Mas, o problema maior parece ser a aplicação das medidas. Por exemplo, como aumentar a arrecadação tributária neste ano se houve uma queda de 7,5% entre janeiro e maio, em comparação com 2010?

Um dos problemas dessa área é a evasão fiscal. Mudanças tributárias levarão de dois a três anos para trazer resultados. Dado o grau de evasão, há muita discussão em torno de qual iniciativa será mais efetiva: a redução ou o aumento das alíquotas. Há um ano, o primeiro-ministro, George Papandreou, afirmou em conversas privadas haver só 3 mil contribuintes que declaram renda maior que 2 mil no país. Por isso, o governo terá de se concentrar, em um primeiro momento, no corte de despesas.

O governo terá condições políticas de demitir 150 mil do total de 1 milhão de funcionários públicos?

Para conseguir o superávit primário, o governo terá de cortar 10 bilhões em gastos públicos ao ano. Isso vai requerer cortes no serviço público. A expansão da máquina do Estado grego se deveu a décadas de nepotismo. A crise dará uma grande oportunidade para a reforma do Estado e da cultura do país, onde os jovens buscam empregos públicos. Da crise, a Grécia extrairá seu recomeço.

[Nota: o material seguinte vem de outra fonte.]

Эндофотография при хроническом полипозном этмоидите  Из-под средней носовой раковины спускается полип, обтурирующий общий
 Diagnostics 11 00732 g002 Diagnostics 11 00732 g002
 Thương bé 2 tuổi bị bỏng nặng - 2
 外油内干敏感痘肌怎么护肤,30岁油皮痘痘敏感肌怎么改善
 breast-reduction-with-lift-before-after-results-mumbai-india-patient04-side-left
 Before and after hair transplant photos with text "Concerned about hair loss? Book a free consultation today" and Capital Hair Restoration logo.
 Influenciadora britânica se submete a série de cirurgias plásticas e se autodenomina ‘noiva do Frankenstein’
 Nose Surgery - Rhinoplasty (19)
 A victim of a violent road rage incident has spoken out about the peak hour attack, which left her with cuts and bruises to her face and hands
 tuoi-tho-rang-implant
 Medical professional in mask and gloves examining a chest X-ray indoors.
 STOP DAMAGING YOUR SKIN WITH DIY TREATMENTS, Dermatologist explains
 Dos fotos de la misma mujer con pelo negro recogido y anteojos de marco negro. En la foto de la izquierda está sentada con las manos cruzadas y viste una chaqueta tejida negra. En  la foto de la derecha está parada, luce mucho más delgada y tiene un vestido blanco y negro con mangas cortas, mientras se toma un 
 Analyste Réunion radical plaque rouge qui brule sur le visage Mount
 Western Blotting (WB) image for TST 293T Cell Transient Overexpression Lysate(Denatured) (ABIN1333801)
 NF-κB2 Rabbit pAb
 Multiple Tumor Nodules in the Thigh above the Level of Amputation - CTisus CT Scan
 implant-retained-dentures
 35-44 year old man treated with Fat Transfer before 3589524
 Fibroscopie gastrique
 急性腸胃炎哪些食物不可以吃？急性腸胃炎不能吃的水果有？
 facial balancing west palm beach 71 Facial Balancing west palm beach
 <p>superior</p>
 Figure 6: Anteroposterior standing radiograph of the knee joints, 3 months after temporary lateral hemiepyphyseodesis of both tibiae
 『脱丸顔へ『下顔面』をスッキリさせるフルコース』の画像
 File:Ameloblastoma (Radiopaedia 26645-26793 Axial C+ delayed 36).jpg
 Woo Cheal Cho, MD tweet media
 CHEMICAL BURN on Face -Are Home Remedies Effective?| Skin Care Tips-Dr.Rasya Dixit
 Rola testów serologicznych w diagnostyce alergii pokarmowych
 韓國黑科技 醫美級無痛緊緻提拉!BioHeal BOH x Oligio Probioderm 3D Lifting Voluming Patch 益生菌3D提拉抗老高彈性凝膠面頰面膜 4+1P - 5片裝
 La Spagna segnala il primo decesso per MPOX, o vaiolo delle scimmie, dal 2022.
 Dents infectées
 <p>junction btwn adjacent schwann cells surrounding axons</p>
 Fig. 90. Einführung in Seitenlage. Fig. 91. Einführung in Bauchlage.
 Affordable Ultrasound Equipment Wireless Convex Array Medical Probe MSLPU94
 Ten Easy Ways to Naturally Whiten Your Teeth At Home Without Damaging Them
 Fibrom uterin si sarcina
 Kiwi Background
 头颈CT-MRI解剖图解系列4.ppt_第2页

O programa de privatização está quase um ano atrasado. Deve começar em setembro, com a venda de um patrimônio equivalente a 3% dos 50 bilhões programados. Não é uma agenda irreal?

Essa agenda é difícil de ser adotada conforme o calendário fixado no acordo da Grécia com o FMI e a Comissão Europeia, de 2010. Há risco de se obter preços menores dos bens em privatização por causa do período curto demais. Acredito que vai funcionar. Mas, em ritmo mais lento e gerando menos recursos que os projetados.

Empresas estrangeiras já estão posicionadas para a privatização?

Algumas empresas se mostram interessadas. Há chances grandes de a China aportar investimentos, dado seu interesse em fazer da Grécia uma espécie de entreposto para o ingresso de produtos na Europa. Há também interesse de investidores do Catar, do Kuait e outros países árabes.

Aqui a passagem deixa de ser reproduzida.